FEBRUARY 13: The more often Yashwant Sinha promises to deliver a harsh budget, the more the markets seem to love it. In the last fortnight he has used the word rather too often for the general comfort but has been met with record-breaking highs in the stock markets. The Sensex climb to 6000 last week is surely due, at least partly, to the relief that the government is seized of the importance of balancing its books and intends seriously to tame the fiscal deficit which has gone out of control again this year.
The markets certainly cannot be expecting much more by way of reform signals. There have been plenty of those already and after the announcements of the last three months, it is taken for granted that the process will continue. It would seem 8220;harsh8221; is taken to mean a push for fiscal prudence, expenditure and subsidy cuts and, at long last, PSU disinvestment. If a higher rate of public savings is achieved, there will more to invest in the infrastructure. That would explain why 8220;harsh8221; is good newsin some places.
Beyond the euphoria there is cause for concern. Inequalities are growing. President K R Narayanan was right to caution against forgetting the millions of poor and oppressed people whom economic reform has passed by until now.
Unless they are able to participate actively in the opportunities being created by economic growth and by the revolution in technology, their standards of living will not rise rapidly. Many studies of the post-reform period confirm this. From the Planning Commission, Montek Ahluwalia warns of social and political explosions if the worsening disparities between states are not reduced.
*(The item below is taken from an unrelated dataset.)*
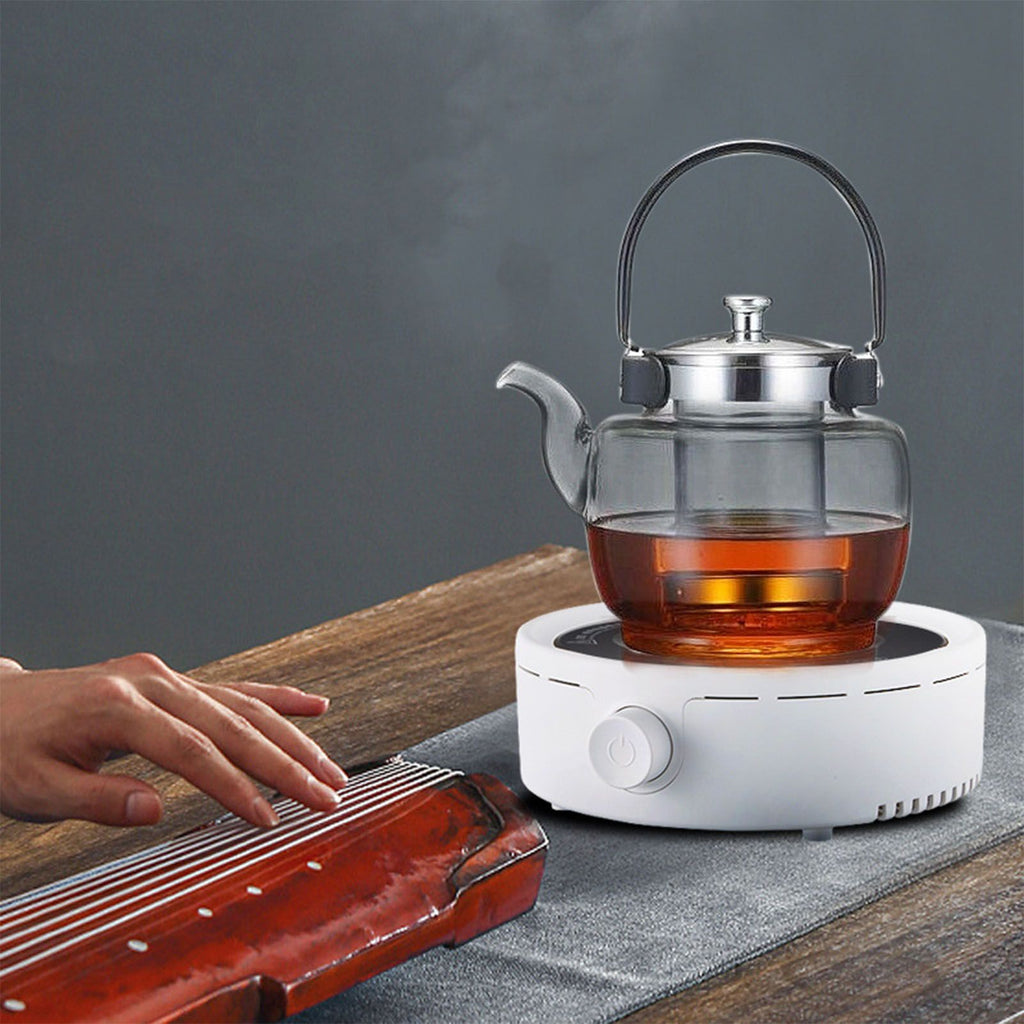 Silent Electric Tea Stove Small Ceramic Hot Plate for Boiling Water Making Coffee Knob Adjustment CN Plug
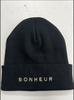 Bonheur Black Beanie Hat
States like Maharashtra, Gujarat and Andhra Pradesh grow at 9 to 10 percent annually. Uttar Pradesh, Bihar and Orissa show low 1.5 percent rates of growth, a decline from earlier years. In short, states which account for one in three of all Indians are not only poor they are worse off than before.
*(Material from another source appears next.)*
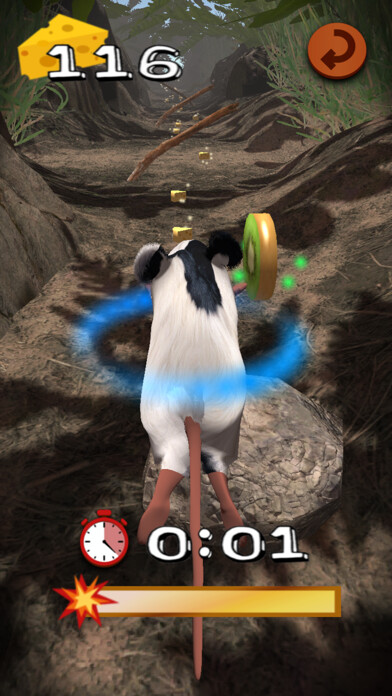 Emulate iPhone app Snappy Mouse Run-Dizzy Running using MyAndroid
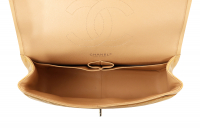 Chanel Chevron Jumbo Classic Double Flap Beige Bag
What can the Finance Minister do about the darkness beyond the neon light of the bourses? Plenty. It is believed he intends cutting expenditure on some development programmes. He must be very careful here to make sure the deprived and inarticulate are not hit and must substitute wasteful programmes with socio-economic interventions which are effective.
Agriculture supports 70 percent of the population but has been terribly neglected. The result is the poor growth rates of the recent years. Investment in agriculture and the rural infrastructure must be major thrust areas. Finally, the backward states need somehow to be goaded into being forward-looking. The Centre can use carrot and stick but that is going to be harder with greater devolution of financial resources. It can also try the institutional approach. But the best catalyst for change is probably the private sector, not in the form of unregulated, underdeveloped small scale units but medium and large all-India corporations and MNCs. Since the poorstates on their own are unable to attract such private investment, central policies and programmes should be focussed on bringing in the private sector on a scale that would impact on the economic and social lives of those states.